[slides] Attention Augmented Convolutional Networks

This paper introduces a novel two-dimensional relative self-attention mechanism to enhance convolutional networks for discriminative visual tasks. The authors argue that while convolutions are effective for many computer vision applications, they have a significant limitation in capturing global information due to their local operation. Self-attention, on the other hand, can capture long-range interactions but has primarily been used in sequence and generative modeling tasks. The proposed mechanism combines convolutional and self-attention features by concatenating them, aiming to leverage the strengths of both. Extensive experiments on ImageNet and COCO datasets show that Attention Augmentation leads to consistent improvements in image classification and object detection across various models and scales, including ResNets and a state-of-the-art mobile constrained network. The method achieves a 1.3% top-1 accuracy improvement on ImageNet and a 1.4 mAP improvement on COCO, outperforming other attention mechanisms such as Squeeze-and-Excitation. The paper also discusses the benefits of fully attentional models and the importance of position encodings in maintaining translation equivariance.This paper introduces a novel two-dimensional relative self-attention mechanism to enhance convolutional networks for discriminative visual tasks. The authors argue that while convolutions are effective for many computer vision applications, they have a significant limitation in capturing global information due to their local operation. Self-attention, on the other hand, can capture long-range interactions but has primarily been used in sequence and generative modeling tasks. The proposed mechanism combines convolutional and self-attention features by concatenating them, aiming to leverage the strengths of both.
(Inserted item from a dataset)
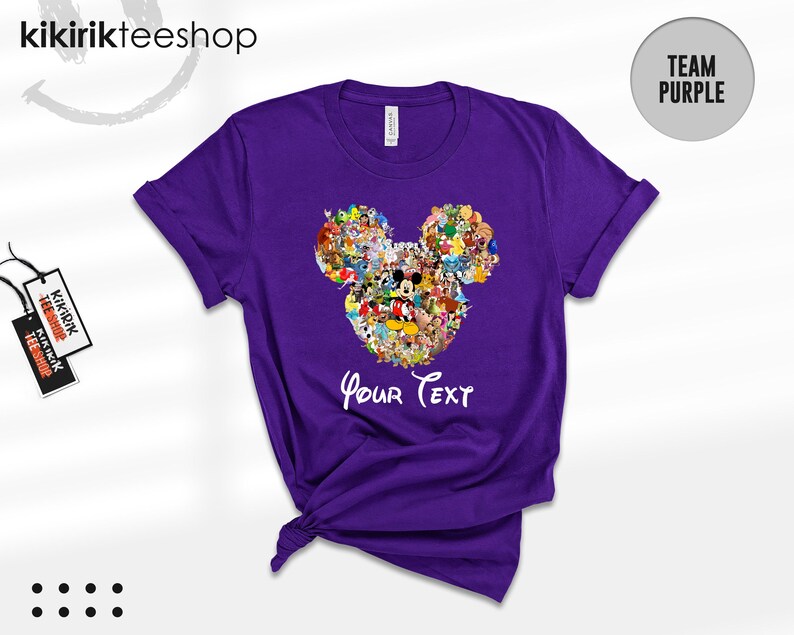 Pu&ograve; includere: Una maglietta viola con un design a forma di testa di Topolino composto da vari personaggi dei cartoni animati. La maglietta ha le maniche arrotolate e la scritta "Your Text" in bianco. Il marchio "kikirikteeshop" &egrave; visibile in alto.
Extensive experiments on ImageNet and COCO datasets show that Attention Augmentation leads to consistent improvements in image classification and object detection across various models and scales, including ResNets and a state-of-the-art mobile constrained network. The method achieves a 1.3% top-1 accuracy improvement on ImageNet and a 1.4 mAP improvement on COCO, outperforming other attention mechanisms such as Squeeze-and-Excitation. The paper also discusses the benefits of fully attentional models and the importance of position encodings in maintaining translation equivariance.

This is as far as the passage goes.